**WORK REQUIRED:** Would you please copy only the lines from the line that contains "D4663 pantalon blanc avec ceinture 34" to the end of the data below, exactly, leaving every picture out?

(INFORMATION)

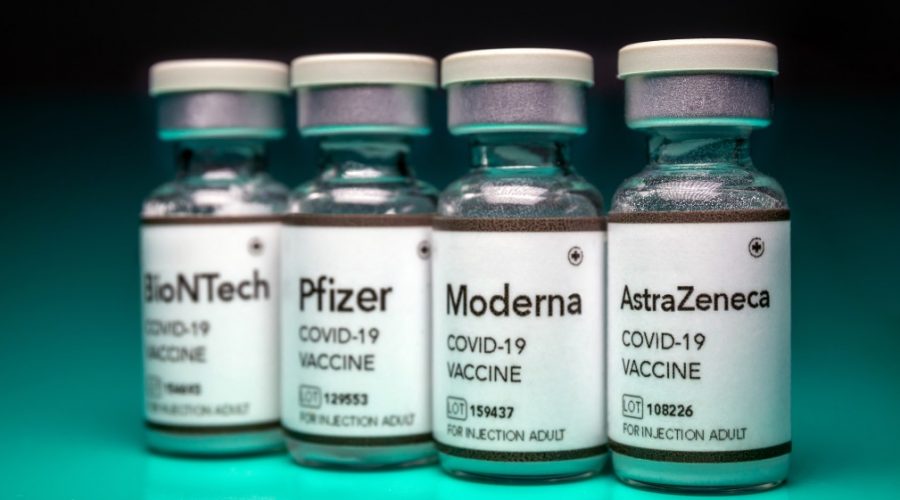 Π.Ο.Υ. AstraZeneca εμβόλια
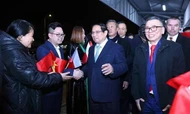 PM Pham Minh Chinh visits Vietnamese-invested trade centres in Czech Republic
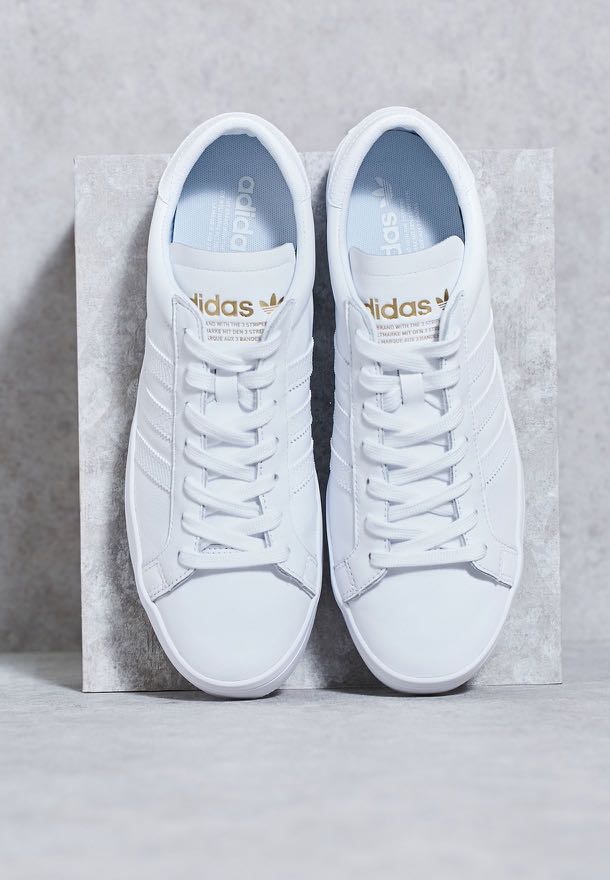 Mentalt Forhøre provokere Adidas Court Vantage - White (BB0147), Women's Fashion, Footwear, Sneakers  on Carousell
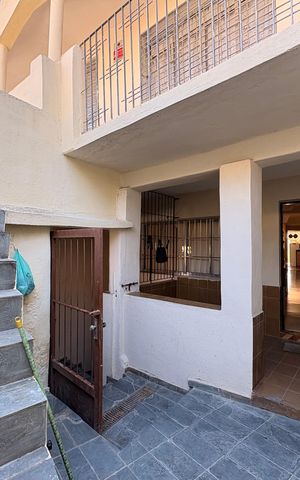 Casa para alugar com 600m², 8 quartos e 2 vagas Casa para alugar com 600m², 8 quartos e 2 vagasVaranda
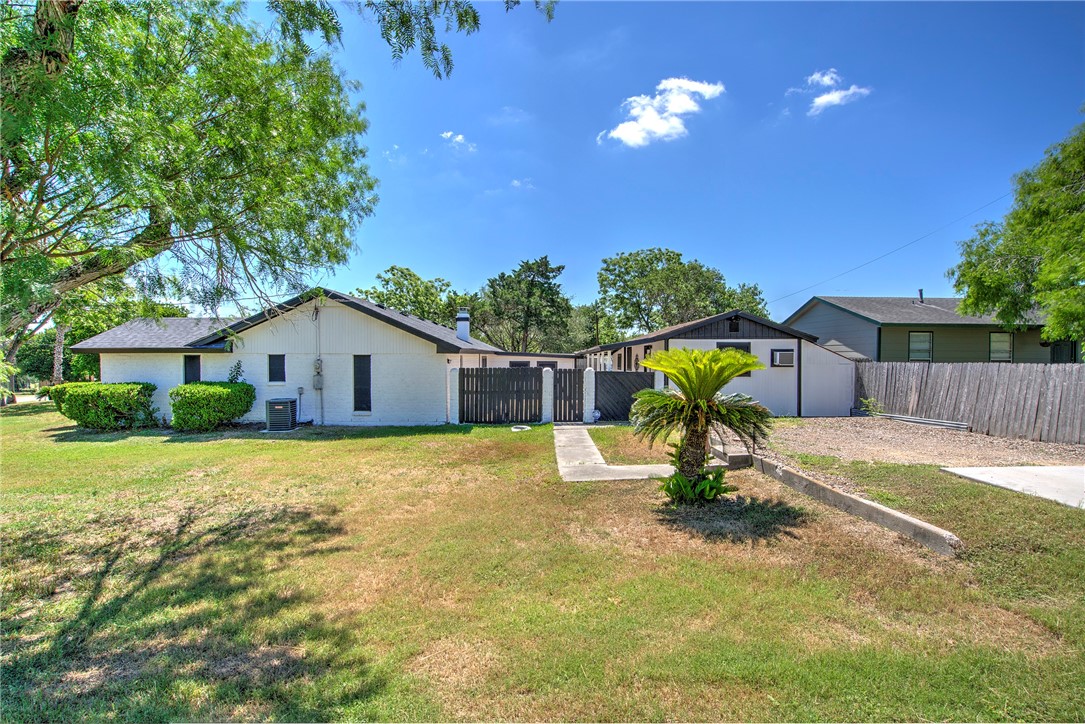 12129 Up River Property Photo 29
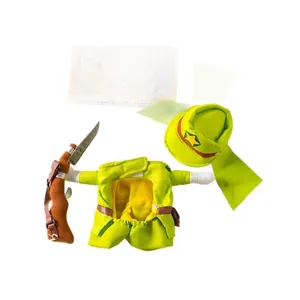 Simpatico costume da soldato di Halloween per animali con cappello verde e fucile peluche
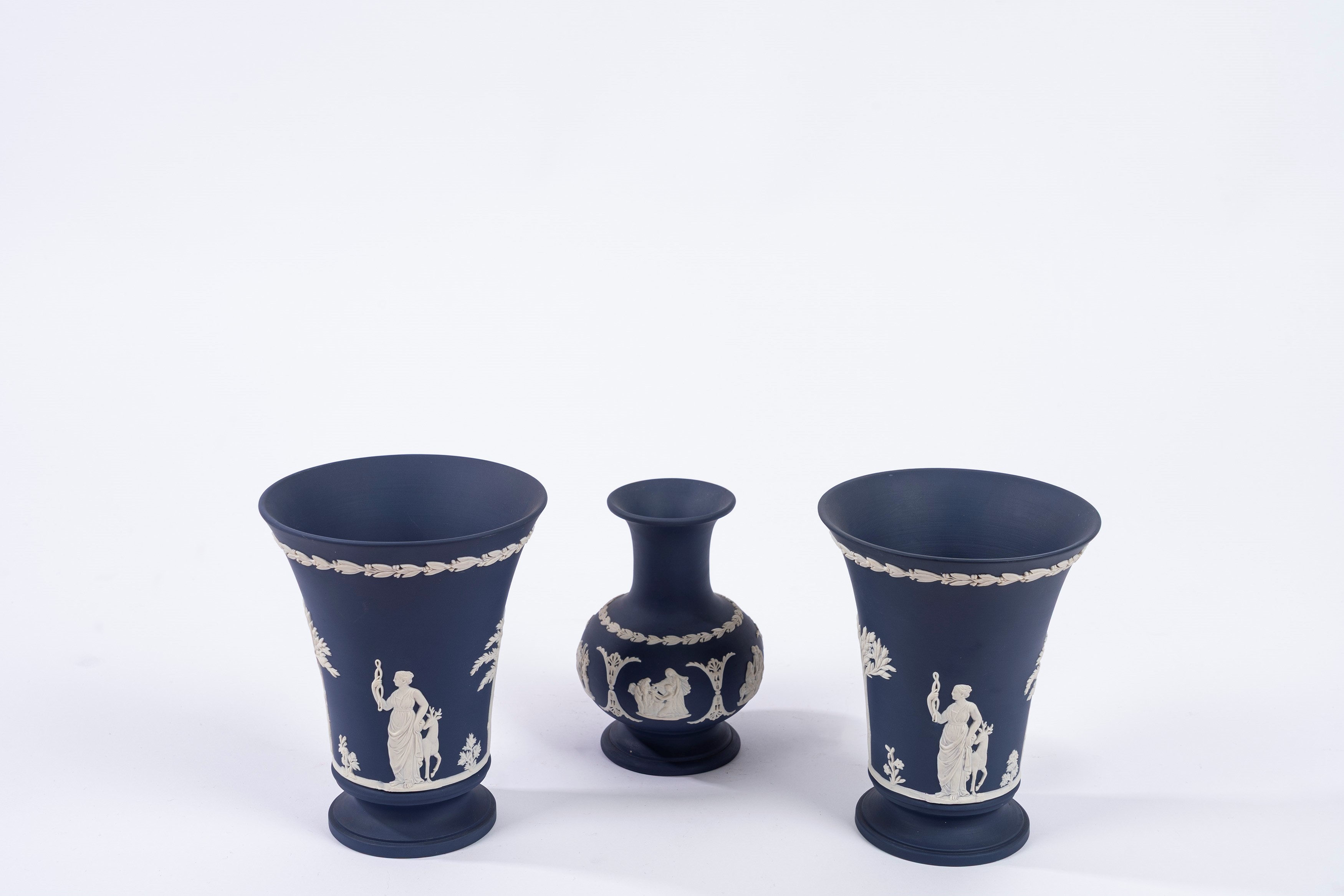 Manifattura Wedgwood, Lotto composto da tre vasi in biscuit blu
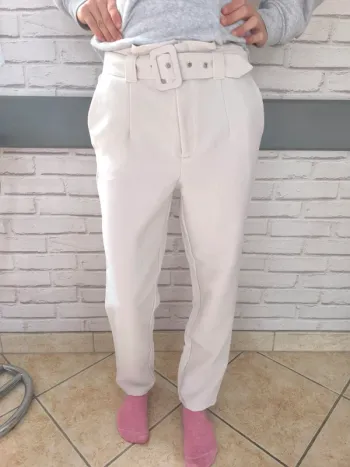 D4663 pantalon blanc avec ceinture 34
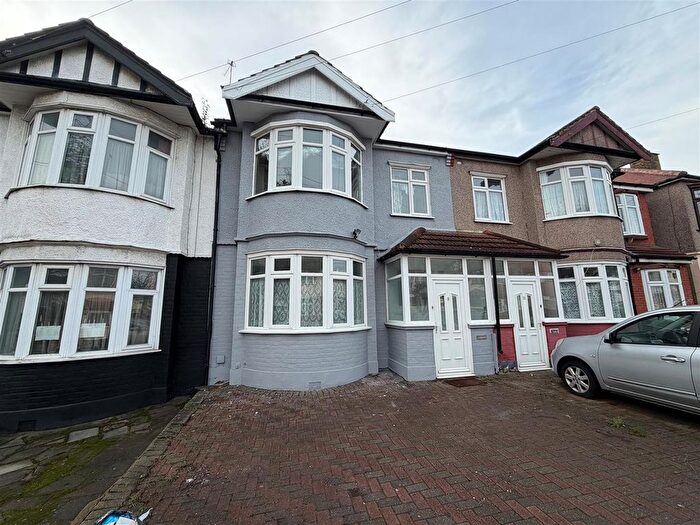 4 Bedroom Terraced House To Rent In Ridgeway Gardens, Ilford, IG4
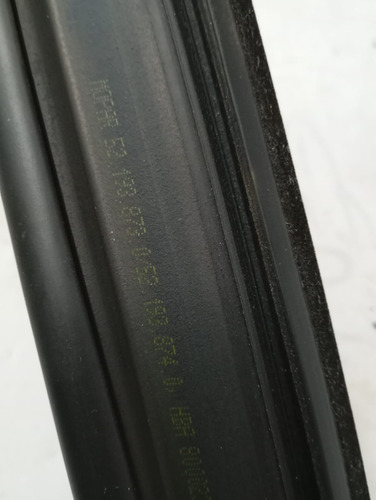 Guarnicao Canaleta Porta Tras Direita Fiat Toro   26094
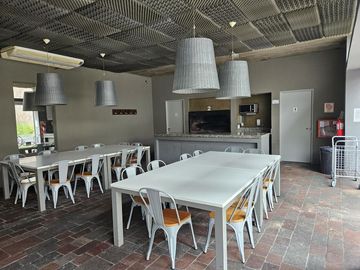VENTA DEPARTAMENTO QUARTIER SAN TELMO: 2 AMB. C/MUEBLES -COCH- SEG. 24HS PRÓXIMO UNIVERSIDADES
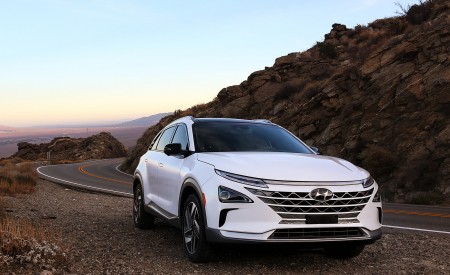 2019 Hyundai NEXO FCEV Front Three-Quarter Wallpapers 450x275 (44)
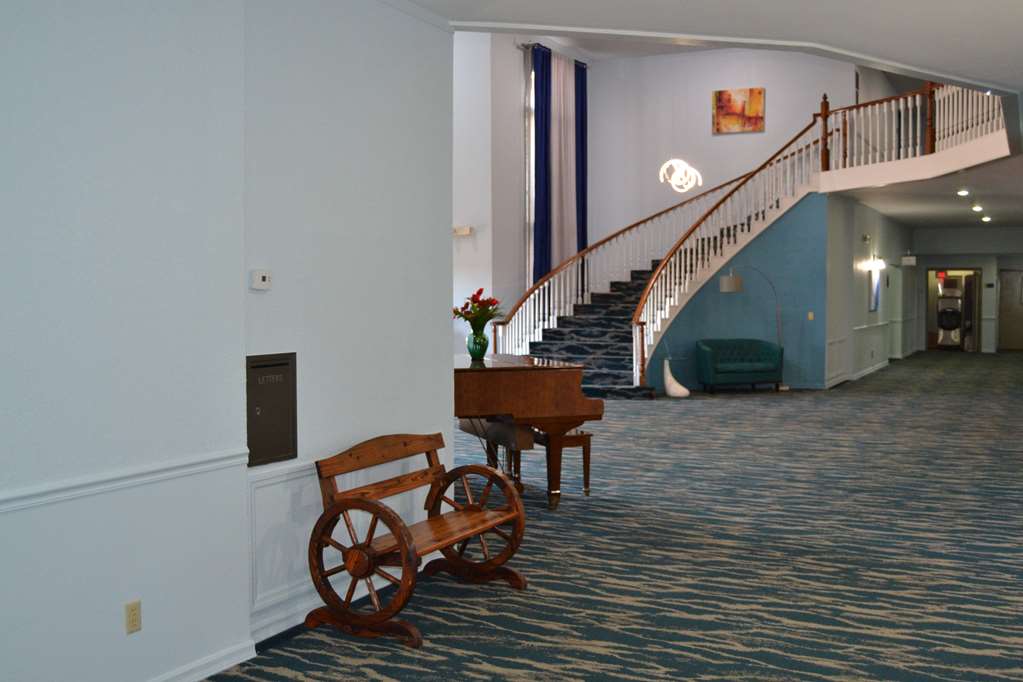 Days Inn and Suites by Wyndham Sikeston - photo 9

(End INFORMATION)

**SOLUTION FOR THIS EXERCISE:**
 D4663 pantalon blanc avec ceinture 34
 4 Bedroom Terraced House To Rent In Ridgeway Gardens, Ilford, IG4
 Guarnicao Canaleta Porta Tras Direita Fiat Toro   26094
VENTA DEPARTAMENTO QUARTIER SAN TELMO: 2 AMB. C/MUEBLES -COCH- SEG. 24HS PRÓXIMO UNIVERSIDADES
 2019 Hyundai NEXO FCEV Front Three-Quarter Wallpapers 450x275 (44)
 Days Inn and Suites by Wyndham Sikeston - photo 9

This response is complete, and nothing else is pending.